To report on early outcomes of prospective single-center registry, which evaluated feasibility, safety, and effectiveness of direct carotid stenting using FilterWire EZ Embolic Protection System in high-risk patients. Little is known about the use of direct carotid stenting with FilterWire EZ Embolic Protection System and different carotid stents. Between September 2005 and August 2008, 176 consecutive patients (70 +/- 9 years, 36% symptomatic, 89% at high risk) underwent 214 direct carotid artery stenting procedures with FilterWire EZ Embolic Protection System and different carotid stents.
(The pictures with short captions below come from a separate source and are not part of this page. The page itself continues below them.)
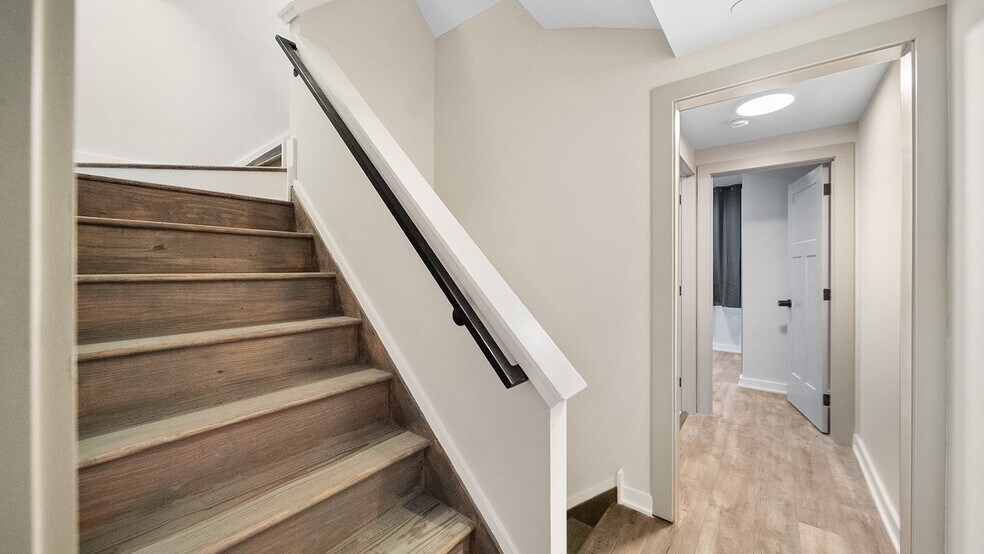 Building Photo - 1852 N Marshall St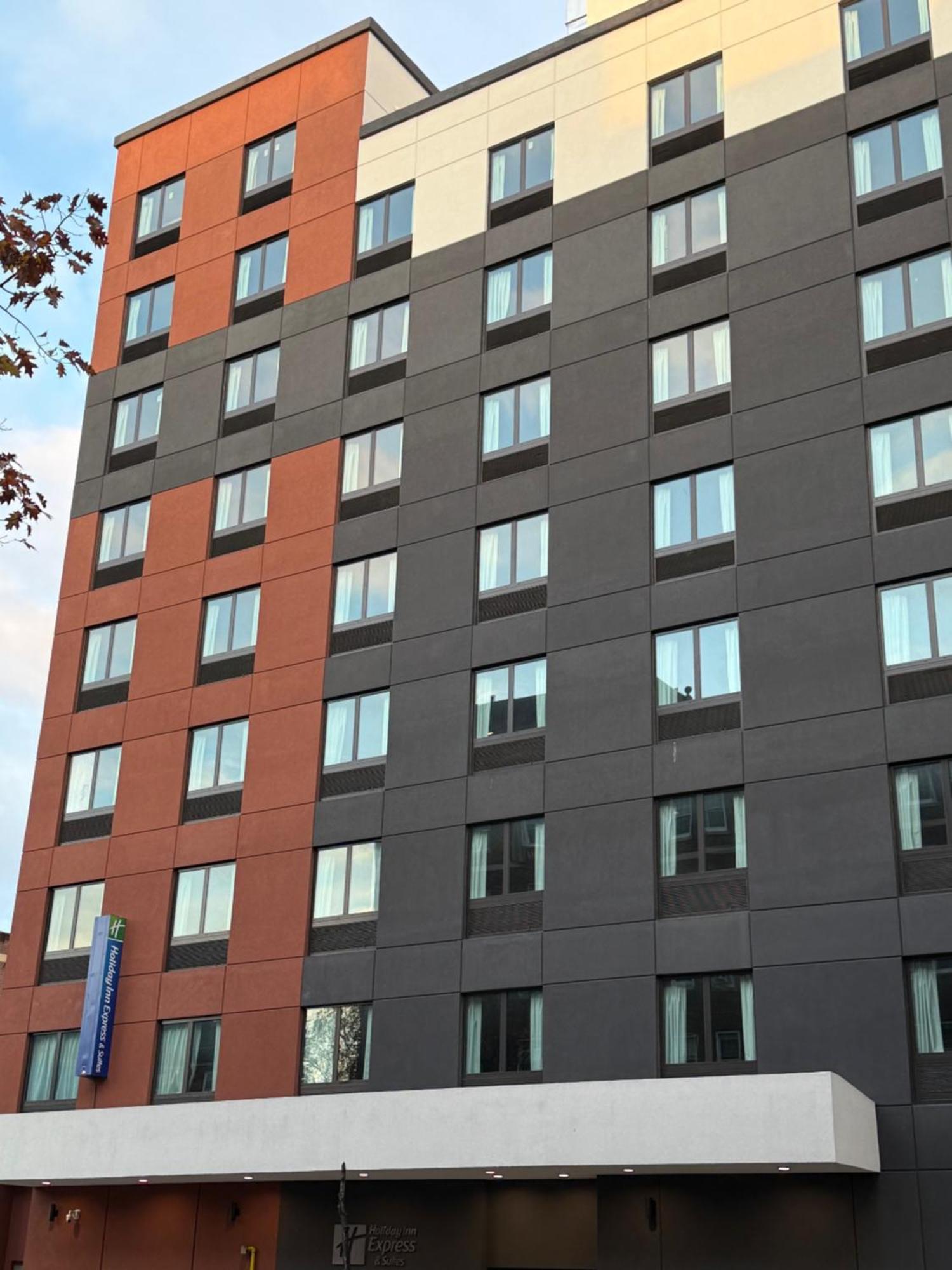 Holiday Inn Express & Suites New York Buitenkant foto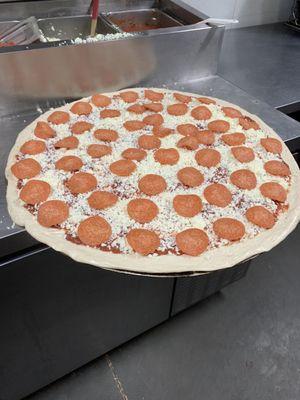 28 inch pepperoni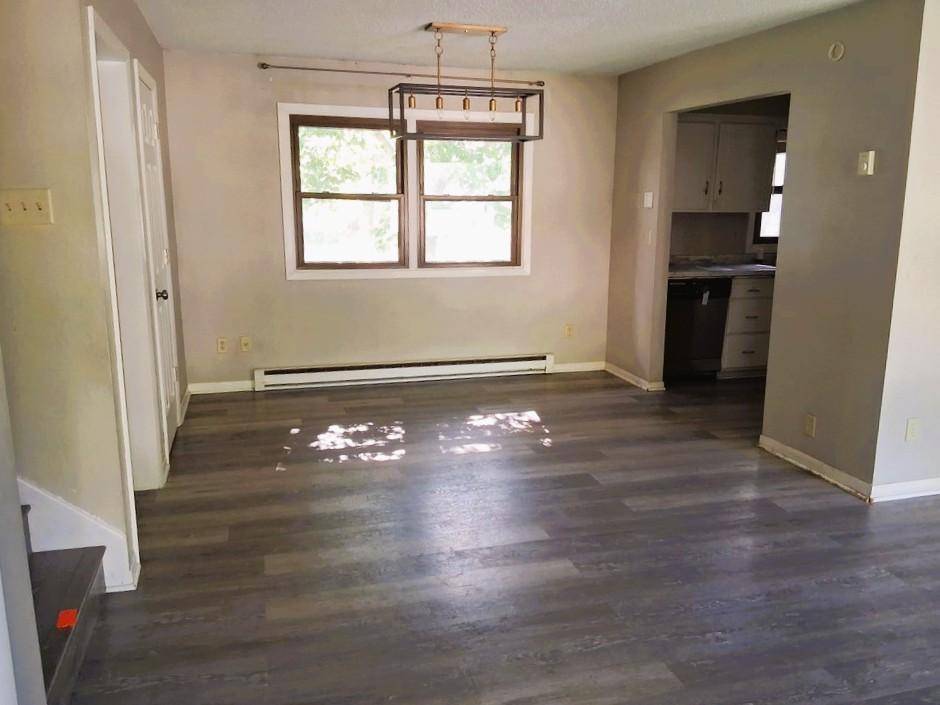 831 Cumming LN, Saint Cloud, MN 56301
This study included both symptomatic (>or=50% carotid artery stenosis) as well as asymptomatic (>or=70% carotid artery stenosis) patients. The primary endpoint was the rate of 30-day adverse events, defined as neurological death, stroke, or myocardial infarction. We implanted 218 stents (55% with closed cell design) in 214 procedures. The technical success rate of direct stenting was 96%. Carotid artery stenosis before and after direct carotid artery stenting were 82% +/- 10% and 10% +/- 13%, respectively. The median of fluoroscopic time was 6 min (range 2.5-31.5 min). There were two (0.9%) minor strokes and one (0.5%) myocardial infarction within 30 post-procedural days; the primary endpoint occurred in three patients (1.4%). Two patients expired from nonneurological causes unrelated to carotid stenting. Direct carotid stenting with FilterWire EZ Embolic Protection System is feasible and safe. Short-term results with respect to neurological events are acceptable.